One crucial point to be considered in exercise selection is the activation ratios for the parts of the trapezius muscle. We observed lower UT/MT and UT/LT ratios in retraction at 0° and higher ratios in retraction at 90° of shoulder abduction. Retraction at 45° and 120° generated similar UT/MT and UT/LT ratios. Lopes et al31 indicated that individuals with obvious scapular dyskinesis had reduced scapular external rotation and increased UT activity compared with those who did not have dyskinesis. Therefore, exercises with lower UT/MT or UT/LT ratios are considered most appropriate for improving scapular muscle performance, especially in individuals with abnormal scapular motion.2 Based on these results, we concluded that all exercise variations except retraction at 90° may be useful in the early phases of training or rehabilitation because of their appropriate trapezius muscle balance activation. However, in later stages, retraction at 90° would be more helpful, especially if the goal is to increase muscle-activation levels of the entire trapezius.

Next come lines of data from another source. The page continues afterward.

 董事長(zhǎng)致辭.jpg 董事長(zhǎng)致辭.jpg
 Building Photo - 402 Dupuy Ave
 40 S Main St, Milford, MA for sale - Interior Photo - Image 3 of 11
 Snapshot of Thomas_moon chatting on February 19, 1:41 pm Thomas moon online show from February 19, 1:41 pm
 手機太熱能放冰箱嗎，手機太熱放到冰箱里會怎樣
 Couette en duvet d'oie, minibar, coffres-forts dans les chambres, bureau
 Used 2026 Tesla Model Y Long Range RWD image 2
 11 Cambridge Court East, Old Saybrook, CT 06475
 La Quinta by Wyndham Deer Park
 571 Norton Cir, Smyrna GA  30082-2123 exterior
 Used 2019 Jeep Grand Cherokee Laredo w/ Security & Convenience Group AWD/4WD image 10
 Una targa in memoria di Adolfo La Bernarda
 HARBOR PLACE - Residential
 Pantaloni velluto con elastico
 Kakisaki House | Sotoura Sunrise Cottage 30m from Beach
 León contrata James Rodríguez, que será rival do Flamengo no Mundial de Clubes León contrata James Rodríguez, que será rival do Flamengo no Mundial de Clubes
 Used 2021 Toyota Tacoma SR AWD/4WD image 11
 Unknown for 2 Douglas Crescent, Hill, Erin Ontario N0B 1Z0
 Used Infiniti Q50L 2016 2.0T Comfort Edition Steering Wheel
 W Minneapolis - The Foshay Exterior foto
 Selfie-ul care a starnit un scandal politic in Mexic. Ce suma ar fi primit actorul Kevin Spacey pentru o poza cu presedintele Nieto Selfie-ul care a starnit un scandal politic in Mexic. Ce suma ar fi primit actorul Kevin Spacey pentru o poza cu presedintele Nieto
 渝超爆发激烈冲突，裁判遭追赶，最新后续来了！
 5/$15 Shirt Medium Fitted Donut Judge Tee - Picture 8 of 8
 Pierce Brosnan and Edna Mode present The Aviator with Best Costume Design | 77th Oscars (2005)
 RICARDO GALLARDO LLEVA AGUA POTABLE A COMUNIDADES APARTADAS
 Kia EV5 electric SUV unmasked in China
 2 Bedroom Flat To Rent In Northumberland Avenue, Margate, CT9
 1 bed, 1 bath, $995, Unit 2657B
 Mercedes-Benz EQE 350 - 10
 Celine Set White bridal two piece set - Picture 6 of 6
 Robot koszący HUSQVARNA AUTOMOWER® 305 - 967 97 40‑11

This study had several limitations. First, all participants were young adults without shoulder symptoms. Thus, the results may not be generalizable to different age groups or individuals with shoulder conditions due to variable scapular kinematics. Furthermore, although this investigation provided useful information regarding trapezius muscle activity during retraction exercise at different shoulder-abduction angles, we did not investigate associated scapular kinematics. Examining scapular kinematics simultaneously with muscle activity during the exercises would provide additional information for practitioners in selecting appropriate exercise for their clients.
CONCLUSIONS
Overall, our results suggested that the scapular-retraction exercises at different angles of shoulder abduction with elastic resistance activated the UT and MT more than the LT. Notably, individuals with existing prominence of the medial scapular border may benefit from these exercises because they primarily activate the MT muscle. The lowest UT/MT and UT/LT ratios were in retraction at 0°. Retraction at 45° and 120° also elicited low ratios. Therefore, retraction at 0°, 45°, and 120° of abduction can be performed to decrease UT relative to MT activity, depending on the goal in early shoulder training and rehabilitation. Additionally, if the goal is to maximize MT and LT activations regardless of UT activity, retraction at 90° may be used in exercise programs as it elicited the highest MT and LT activations.